■ **Records for the task**:
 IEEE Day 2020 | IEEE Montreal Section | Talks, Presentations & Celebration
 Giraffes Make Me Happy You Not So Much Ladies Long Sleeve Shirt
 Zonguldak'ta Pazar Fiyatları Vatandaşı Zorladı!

...

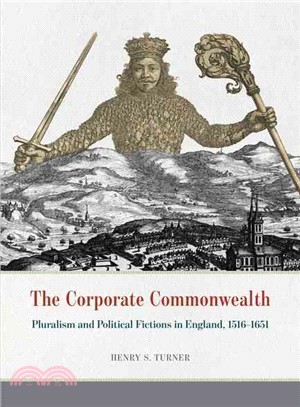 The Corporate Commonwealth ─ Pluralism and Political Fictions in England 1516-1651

* * *

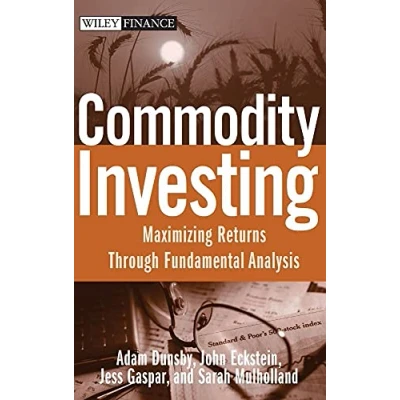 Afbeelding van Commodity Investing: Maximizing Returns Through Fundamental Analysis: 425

■ **Task requirements**: All lines in the listing above between the line with "IEEE Day 2020" and the line with "Zonguldak'ta Pazar Fiyatları", inclusive, should be set down exactly, and no line outside that range.

■ **Response**:
 IEEE Day 2020 | IEEE Montreal Section | Talks, Presentations & Celebration
 Giraffes Make Me Happy You Not So Much Ladies Long Sleeve Shirt
 Zonguldak'ta Pazar Fiyatları Vatandaşı Zorladı!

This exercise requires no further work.